Miriam Weisfeld introduces the video art of Denise Marika

Something startling happened to the street crossing lights in Brookline in 1994: two new signals appeared at an intersection. Instead of “walk” or “don’t walk,” the red and green squares illuminated the image of a mother and child. In one, the pair embraced; in the other, the child struggled away. And in each image, the figures were nude.

The neighborhood went berserk. A distraught parent called the images pedophiliac. One man tried to attack them with a hammer. Local newspapers published cartoons about them. A town meeting was called. A citizen stood up and protested, “This belongs in a museum, not on the street.”

Denise Marika, the creator of the installation, laughs as she recalls this comment. “That was an apt, sad statement about the arts in our culture. ‘It’s fine to put it behind doors, but don’t put it on my street.'”

Marika had devised the projections from photographs she’d taken of herself hugging her son. She distilled the images into classical lines that left the bodies more impressionistic than explicit. She meant to provoke reflection and invite diverse interpretations. By placing them in an unexpected frame – streetlights – Marika hoped to catch the viewer’s raw response. She didn’t anticipate how raw those responses would get.

“People flipped out because of the context,” she explains. “It’s all about expectation. Giant ads for Calvin Klein with the guy ripping his pants off were going by on the buses at the same time. But [in] advertising, you know the message: ‘Buy underwear.’ When you put people in a different circumstance or you ask different kinds of questions, they don’t know [the message.]”

As she says this, Marika finds herself again negotiating a new context for her art. For the first time, this nationally recognized visual artist will co-create a play. Marika has exhibited her projections and installations at the Museum of Modern Art, the Isabella Stewart Gardener Museum, the Fogg Museum, as well as in Edinburgh, Berlin, and Tokyo. Except for a brief stint designing sets as an undergraduate at Pomona College, she’s never tried her hand at theatre. But Robert Woodruff was intrigued by her exhibits, and he invited her to create the video component of Orpheus X. “I’m bracing myself,” Marika chuckles. “I’m not usually let out of the box.”
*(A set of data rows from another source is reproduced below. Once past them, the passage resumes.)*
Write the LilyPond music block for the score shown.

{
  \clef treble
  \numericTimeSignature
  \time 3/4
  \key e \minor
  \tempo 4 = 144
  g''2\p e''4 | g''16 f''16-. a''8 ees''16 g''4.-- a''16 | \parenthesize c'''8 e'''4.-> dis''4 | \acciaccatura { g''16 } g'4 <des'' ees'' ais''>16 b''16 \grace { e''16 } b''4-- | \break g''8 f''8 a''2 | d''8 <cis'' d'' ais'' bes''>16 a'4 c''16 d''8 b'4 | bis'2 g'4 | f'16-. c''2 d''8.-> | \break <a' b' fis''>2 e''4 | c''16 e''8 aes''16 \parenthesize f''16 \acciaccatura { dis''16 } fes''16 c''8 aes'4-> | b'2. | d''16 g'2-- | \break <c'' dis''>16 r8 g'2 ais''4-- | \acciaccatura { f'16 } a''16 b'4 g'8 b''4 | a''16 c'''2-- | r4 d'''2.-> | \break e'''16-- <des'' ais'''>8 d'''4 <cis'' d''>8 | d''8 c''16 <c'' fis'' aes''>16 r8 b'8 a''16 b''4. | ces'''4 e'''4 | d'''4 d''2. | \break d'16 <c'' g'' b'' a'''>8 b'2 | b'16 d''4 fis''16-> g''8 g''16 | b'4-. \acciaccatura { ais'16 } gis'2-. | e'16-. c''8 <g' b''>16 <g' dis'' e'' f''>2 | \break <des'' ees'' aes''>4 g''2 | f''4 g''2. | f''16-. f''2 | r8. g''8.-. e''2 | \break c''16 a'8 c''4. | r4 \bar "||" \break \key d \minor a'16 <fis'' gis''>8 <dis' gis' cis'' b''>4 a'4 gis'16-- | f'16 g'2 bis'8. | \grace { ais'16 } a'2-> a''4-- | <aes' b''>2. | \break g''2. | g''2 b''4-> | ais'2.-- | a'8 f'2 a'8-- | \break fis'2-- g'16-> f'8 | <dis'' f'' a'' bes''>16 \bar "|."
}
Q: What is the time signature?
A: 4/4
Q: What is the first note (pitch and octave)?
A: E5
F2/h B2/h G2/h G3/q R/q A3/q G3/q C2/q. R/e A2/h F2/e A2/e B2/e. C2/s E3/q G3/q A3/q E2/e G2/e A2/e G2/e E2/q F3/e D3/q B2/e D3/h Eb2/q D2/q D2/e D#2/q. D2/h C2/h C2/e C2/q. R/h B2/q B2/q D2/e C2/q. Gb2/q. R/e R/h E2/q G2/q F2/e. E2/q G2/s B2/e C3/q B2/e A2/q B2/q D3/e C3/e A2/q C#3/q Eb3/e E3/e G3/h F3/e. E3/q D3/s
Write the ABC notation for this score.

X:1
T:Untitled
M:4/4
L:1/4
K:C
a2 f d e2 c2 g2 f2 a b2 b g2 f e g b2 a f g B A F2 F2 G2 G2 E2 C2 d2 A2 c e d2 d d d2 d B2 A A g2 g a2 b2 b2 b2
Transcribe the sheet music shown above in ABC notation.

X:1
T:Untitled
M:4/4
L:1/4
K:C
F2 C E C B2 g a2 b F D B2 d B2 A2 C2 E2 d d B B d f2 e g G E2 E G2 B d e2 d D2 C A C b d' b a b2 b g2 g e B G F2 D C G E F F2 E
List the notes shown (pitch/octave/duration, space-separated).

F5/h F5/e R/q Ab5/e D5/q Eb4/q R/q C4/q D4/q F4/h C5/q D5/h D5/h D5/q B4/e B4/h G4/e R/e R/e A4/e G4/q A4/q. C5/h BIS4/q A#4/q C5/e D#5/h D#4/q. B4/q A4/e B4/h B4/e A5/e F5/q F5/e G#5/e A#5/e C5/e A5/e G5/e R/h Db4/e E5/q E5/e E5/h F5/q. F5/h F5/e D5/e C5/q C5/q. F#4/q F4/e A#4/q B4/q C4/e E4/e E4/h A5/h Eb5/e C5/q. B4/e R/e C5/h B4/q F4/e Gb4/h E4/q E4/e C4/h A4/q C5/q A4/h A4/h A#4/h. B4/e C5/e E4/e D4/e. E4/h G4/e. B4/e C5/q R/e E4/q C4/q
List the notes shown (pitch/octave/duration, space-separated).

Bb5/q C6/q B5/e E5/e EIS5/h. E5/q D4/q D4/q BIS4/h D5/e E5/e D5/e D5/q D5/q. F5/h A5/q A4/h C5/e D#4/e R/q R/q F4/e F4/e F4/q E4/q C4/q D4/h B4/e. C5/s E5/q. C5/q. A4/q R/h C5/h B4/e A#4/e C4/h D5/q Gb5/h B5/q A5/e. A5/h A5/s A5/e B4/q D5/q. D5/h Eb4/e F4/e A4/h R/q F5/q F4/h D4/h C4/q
In Orpheus X, Marika will transplant some of her signature gestures from the gallery to the stage. In collaboration with Woodruff and the writer/composer Rinde Eckert (Highway Ulysses), Marika plans to devise a visual vocabulary for the play. By filming the bodies of Eckert – who plays Orpheus – and Suzan Hanson, Marika will examine the hero’s mythical journey to Hades in pursuit of Eurydice. Set designer David Zinn has incorporated some of Marika’s favorite projection surfaces: coffinlike enclosures and huge steel I-beams. This allows Marika to manipulate the scale of her images, confronting the live actors with magnified or miniscule visions of the other characters.

Placing her videos on a live stage has forced Marika to ponder the differences between acting and performance art. Those differences, she says, go straight to the heart of the viewer’s experience. “Robert [Woodruff] saw a piece of mine called Gnaw. I’m eating my way through dirt and revealing my face. He loved it and was horrified. He was like, ‘You didn’t eat that?’ And I was totally surprised he would ask. Because of course I wasn’t acting it. I was in that situation. And that’s the way I explore things, by putting myself in that situation. And then spending huge amounts of time examining what it is to be there.”
As a theatre director, Woodruff had imagined Marika performing Gnaw as an actor might: with an edible substance that resembled dirt, or camera angles that didn’t require her to swallow it. For Marika, that would be a waste of time. Whereas theatre creates an illusion to suggest that a real event is happening, performance art often confronts its audience with a real event to suggest open-ended questions.

The cast of Orpheus X has begun to toe the line between acting and performance art. “Whenever we put either [Eckert or Hanson] in a situation where they had a physical task, that got closer to what I wanted. Because I didn’t give them a character. It didn’t really matter if this was Orpheus.” Marika glances at the computer where her assistant Leah Gelpe edits a fragment of recently shot video. On the screen, Eckert smears his face with a thick, dark goo: syrup? Blood? Gelpe whispers, “I don’t think we should say,” and both women burst out laughing.

“I don’t usually give my audience any information until they walk in,” Marika grins. “The images and the moments should be fresh and new. I’m very cautious about taking away from the audience’s ability to go where they personally want to go.”

Even before they had begun rehearsing, the co-creators of Orpheus X had already imagined ways that the actors and audience might relate to the video. They envision huge video images of Eurydice haunting Orpheus from the underworld. “What does that do to the actors in the space and how we perceive them?” Marika wonders. “Maybe we have more empathy because of the vulnerability, like Rinde in relationship to her [image]. I think the inability to connect becomes much clearer because you are dealing with the virtual. That disconnect is going to create a new kind of relationship that one normally doesn’t have between a man and a woman, between two actors, between two people, that close but totally separated.”

Miriam Weisfeld is a first-year dramaturgy student at the A.R.T./MXAT Institute for Advanced Theatre Training.